In their updates on X (formerly Twitter) over the past few days, Isro posted photographs of the rocket at the launch site and a graphic that showed the trajectory of the craft from the launch to the splashdown in the sea.
Saturday’s planned test had generated a lot of interest in India, although it’s coming a bit late to the party as astronauts from Soviet Union and the US have been making trips to the low Earth orbit since 1961. China became the third country to reach space in October 2003 when a Chinese mission spent 21 hours and orbited Earth 14 times. And the US and China have fully operational space stations in low Earth orbit.

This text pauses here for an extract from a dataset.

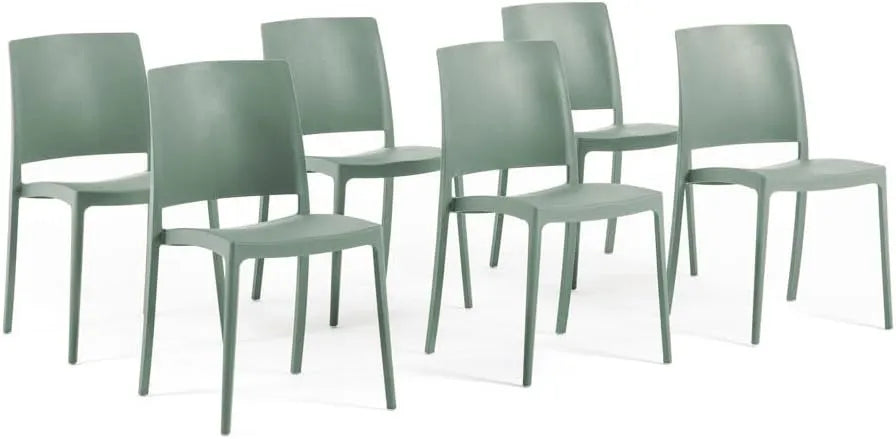 Chaises Empilables Minimalistes en Polypropylène pour Jardin - Lot de 6 Vert Sauge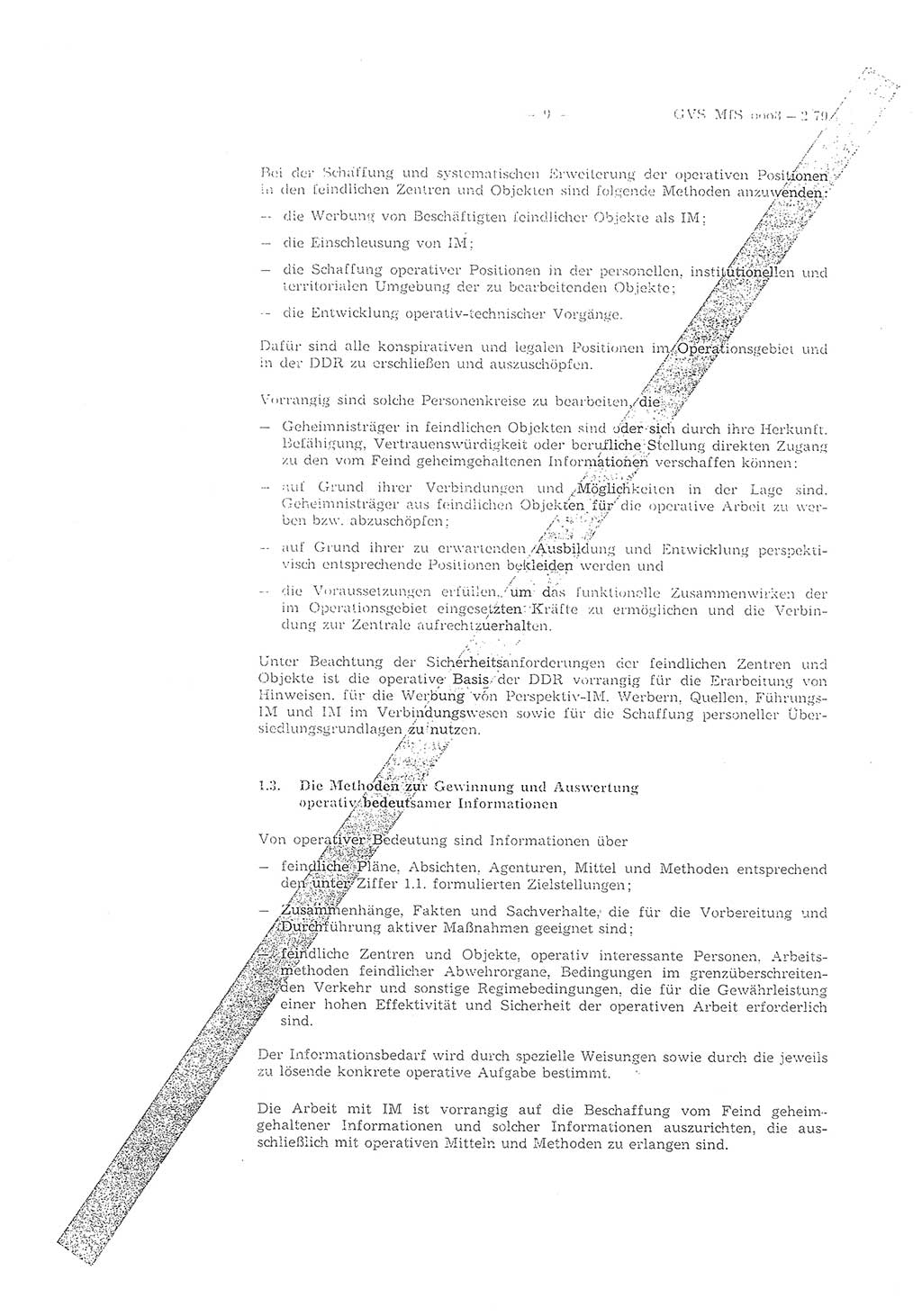 Richtlinie 2/79 für die Arbeit mit Inoffiziellen Mitarbeitern (IM) im Operationsgebiet, Deutsche Demokratische Republik (DDR), Ministerium für Staatssicherheit (MfS), Der Minister (Mielke), Geheime Verschlußsache (GVS) ooo8-2/79, Berlin 1979, Seite 9 (RL 2/79 DDR MfS Min. GVS ooo8-2/79 1979, S. 9)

An Indian astronaut also went to space as early as in 1984 when Rakesh Sharma spent 21 days and 40 minutes on a Russian spacecraft.
But the attention on Isro’s test on Saturday was because it came not long after the country made history by becoming the first to land near the Moon’s south pole on 23 August 2023.
Just weeks later, India also launched Aditya-L1, its first observation mission to the Sun. It will travel 1.5 million km (932,000 miles) from the Earth – 1% of the Earth-Sun distance and will reach its intended spot in mid-January, India’s space agency has said.
And earlier this week, India announced ambitious new plans for space, saying it would aim to set up a space station by 2035 and send an astronaut to the Moon by 2040.